WORK ORDER> Please give the whole listing again word for word, and drop any pictures it holds.
- Opening Delimiter -
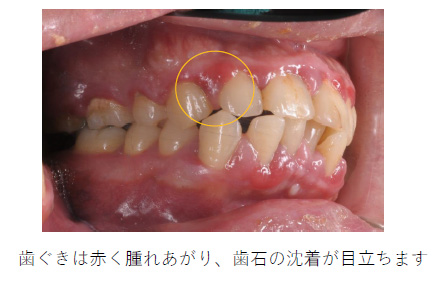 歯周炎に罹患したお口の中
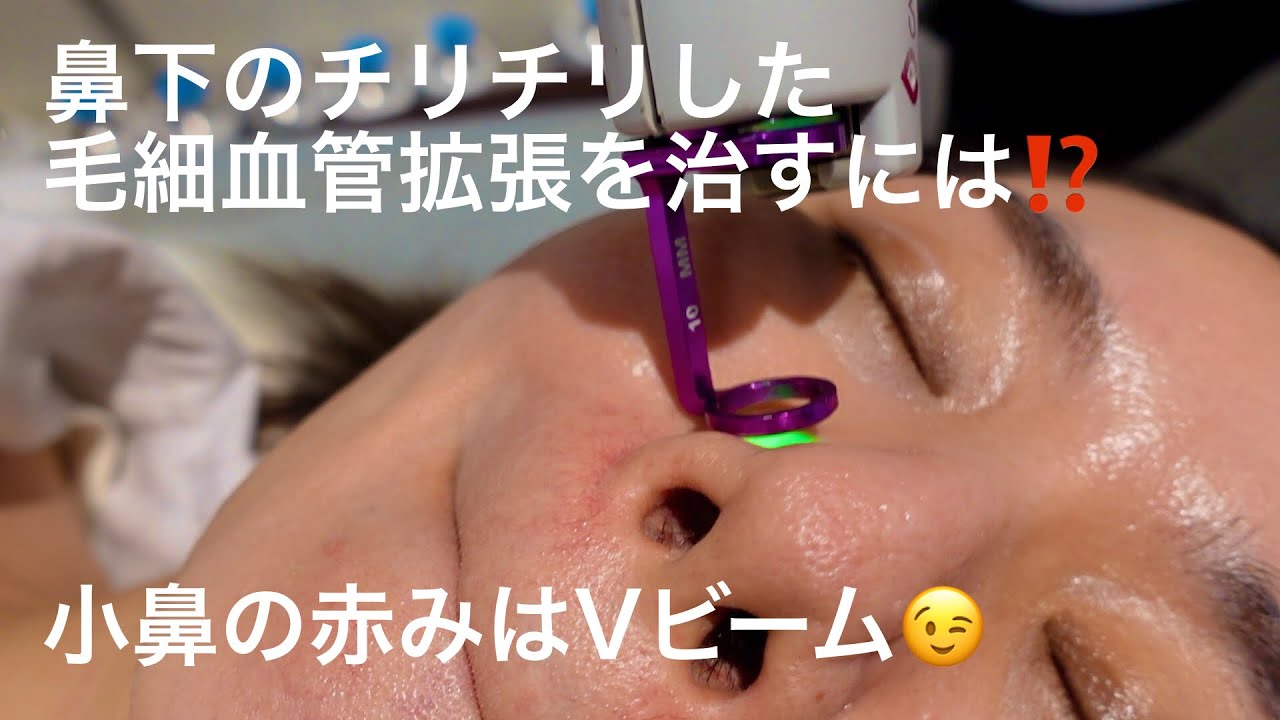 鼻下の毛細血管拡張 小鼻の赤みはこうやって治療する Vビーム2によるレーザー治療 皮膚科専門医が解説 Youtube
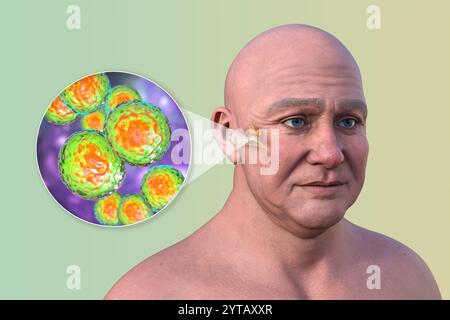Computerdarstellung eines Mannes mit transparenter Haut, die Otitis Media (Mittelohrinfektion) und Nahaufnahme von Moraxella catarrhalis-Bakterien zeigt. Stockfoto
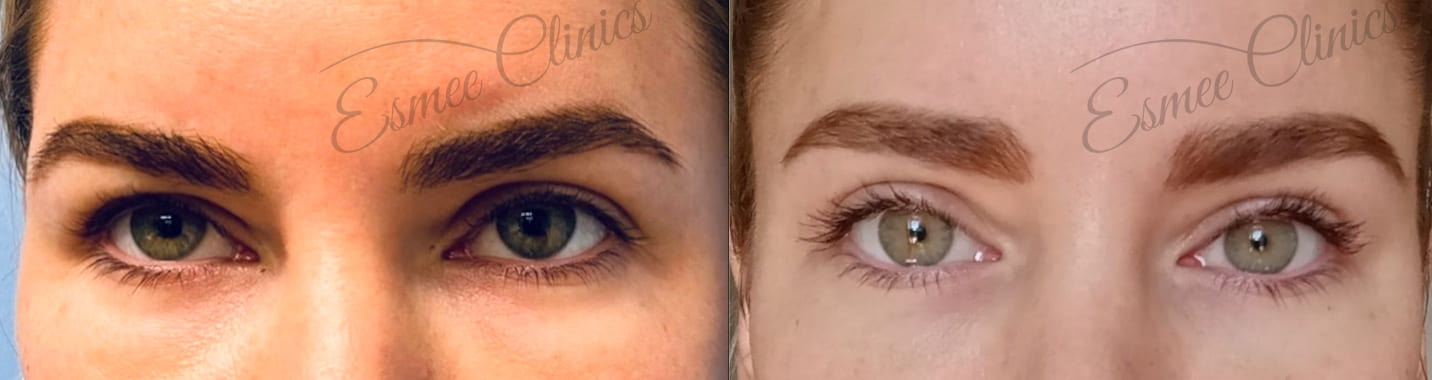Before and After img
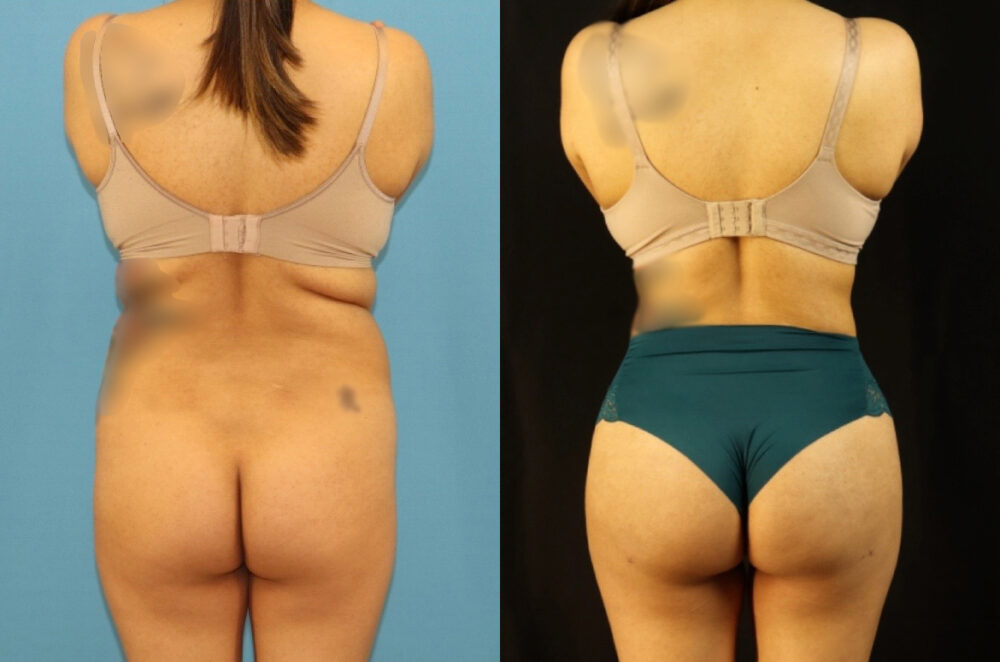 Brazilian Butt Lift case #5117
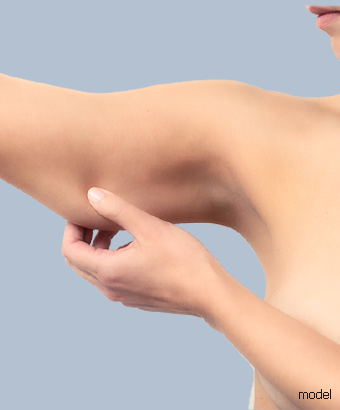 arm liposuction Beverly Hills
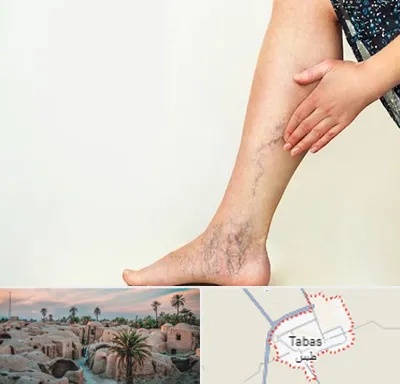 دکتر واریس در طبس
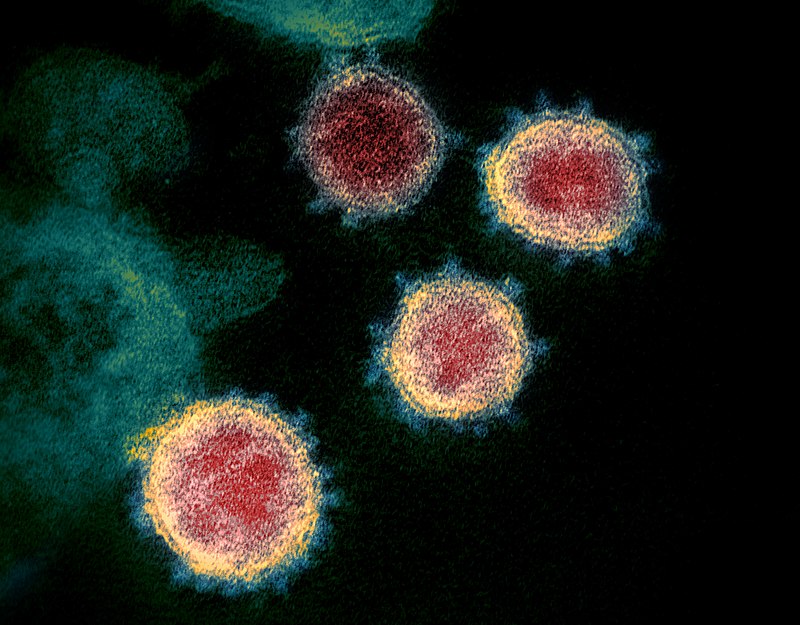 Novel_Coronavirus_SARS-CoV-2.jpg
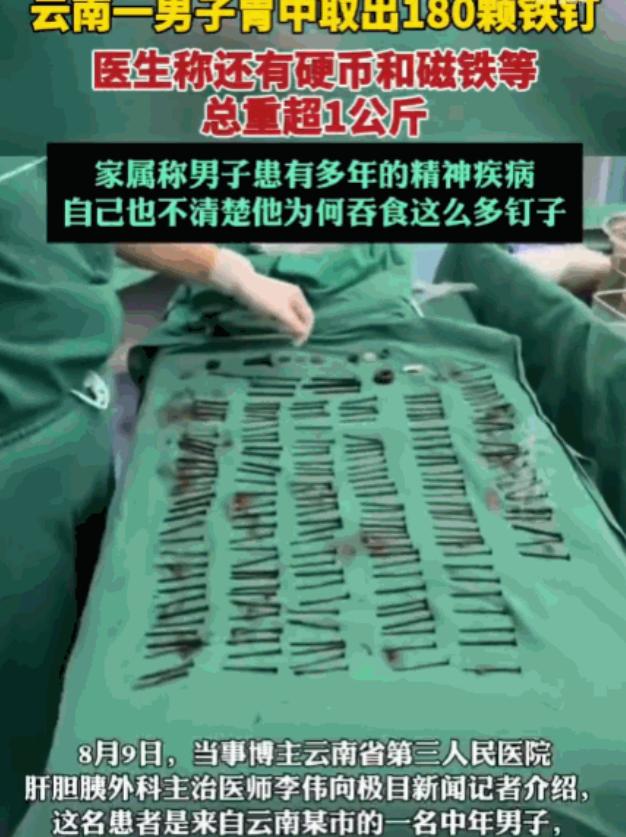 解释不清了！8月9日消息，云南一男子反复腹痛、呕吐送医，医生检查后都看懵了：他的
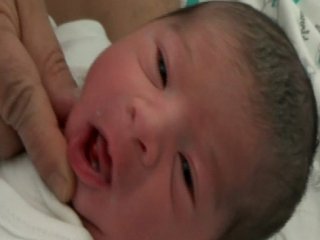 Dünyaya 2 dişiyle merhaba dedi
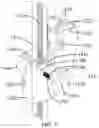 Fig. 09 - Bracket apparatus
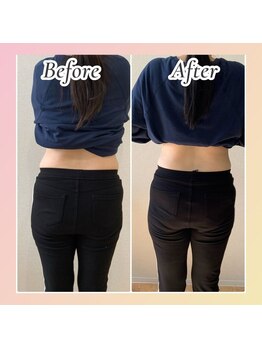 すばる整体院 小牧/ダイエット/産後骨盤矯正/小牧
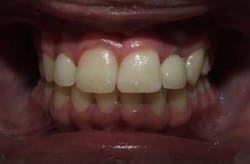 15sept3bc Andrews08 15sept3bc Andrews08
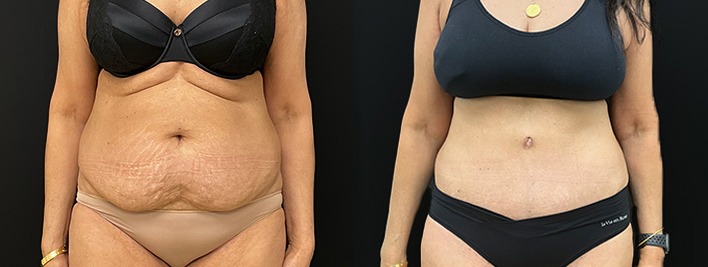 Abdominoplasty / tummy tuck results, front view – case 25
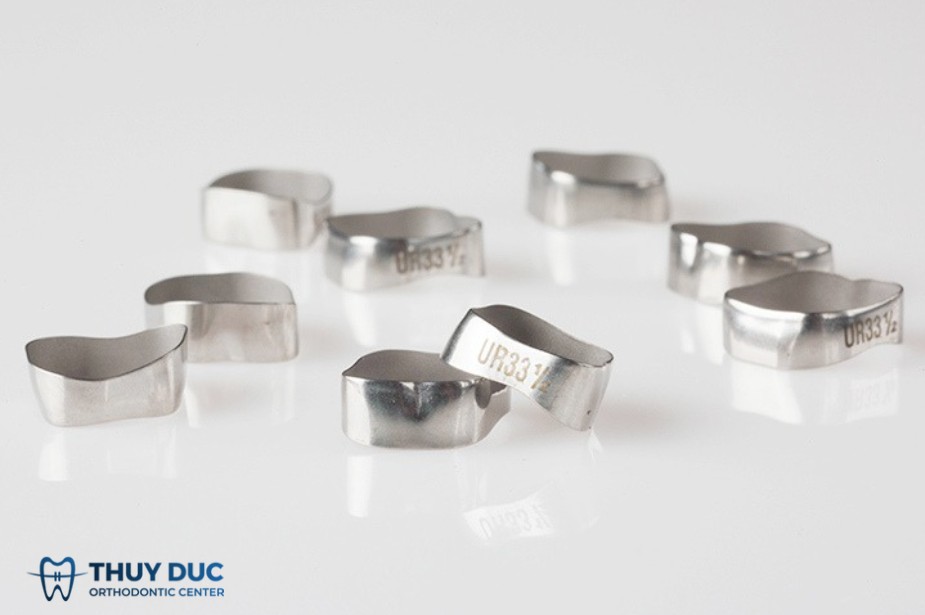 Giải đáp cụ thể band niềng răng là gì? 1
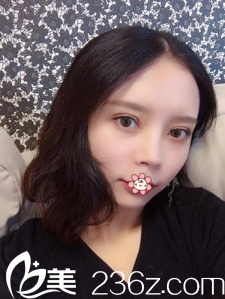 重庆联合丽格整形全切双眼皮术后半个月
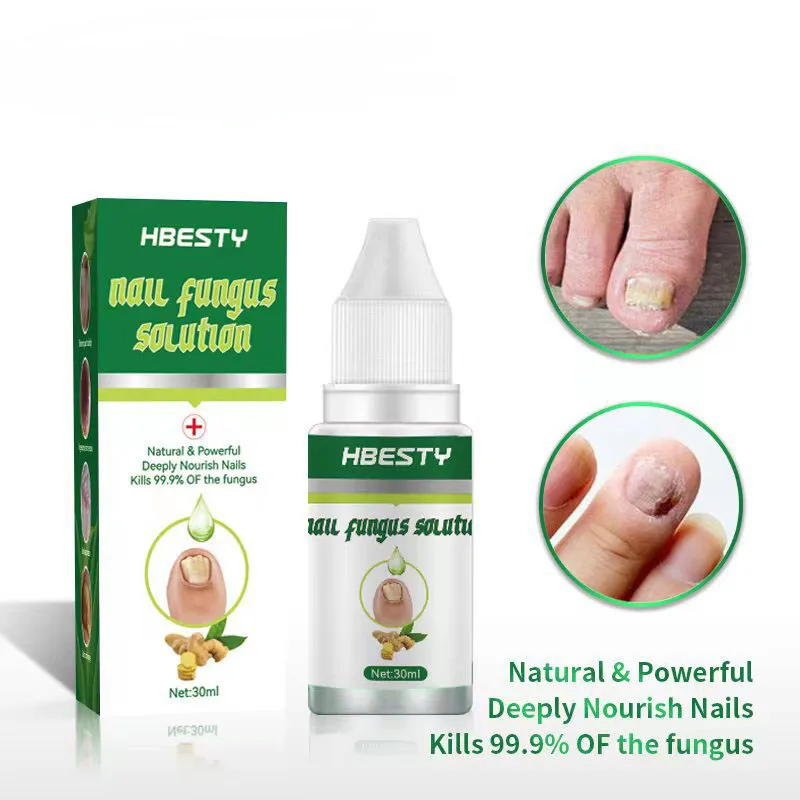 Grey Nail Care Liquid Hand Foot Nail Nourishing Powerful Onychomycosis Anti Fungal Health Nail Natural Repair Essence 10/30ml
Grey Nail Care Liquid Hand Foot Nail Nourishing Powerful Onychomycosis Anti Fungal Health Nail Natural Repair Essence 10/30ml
- Closing Delimiter -
ANSWER TO THE PROBLEM>
 歯周炎に罹患したお口の中
 鼻下の毛細血管拡張 小鼻の赤みはこうやって治療する Vビーム2によるレーザー治療 皮膚科専門医が解説 Youtube
Computerdarstellung eines Mannes mit transparenter Haut, die Otitis Media (Mittelohrinfektion) und Nahaufnahme von Moraxella catarrhalis-Bakterien zeigt. Stockfoto
Before and After img
 Brazilian Butt Lift case #5117
 arm liposuction Beverly Hills
 دکتر واریس در طبس
 Novel_Coronavirus_SARS-CoV-2.jpg
 解释不清了！8月9日消息，云南一男子反复腹痛、呕吐送医，医生检查后都看懵了：他的
 Dünyaya 2 dişiyle merhaba dedi
 Fig. 09 - Bracket apparatus
 すばる整体院 小牧/ダイエット/産後骨盤矯正/小牧
 15sept3bc Andrews08 15sept3bc Andrews08
 Abdominoplasty / tummy tuck results, front view – case 25
 Giải đáp cụ thể band niềng răng là gì? 1
 重庆联合丽格整形全切双眼皮术后半个月
 Grey Nail Care Liquid Hand Foot Nail Nourishing Powerful Onychomycosis Anti Fungal Health Nail Natural Repair Essence 10/30ml
Grey Nail Care Liquid Hand Foot Nail Nourishing Powerful Onychomycosis Anti Fungal Health Nail Natural Repair Essence 10/30ml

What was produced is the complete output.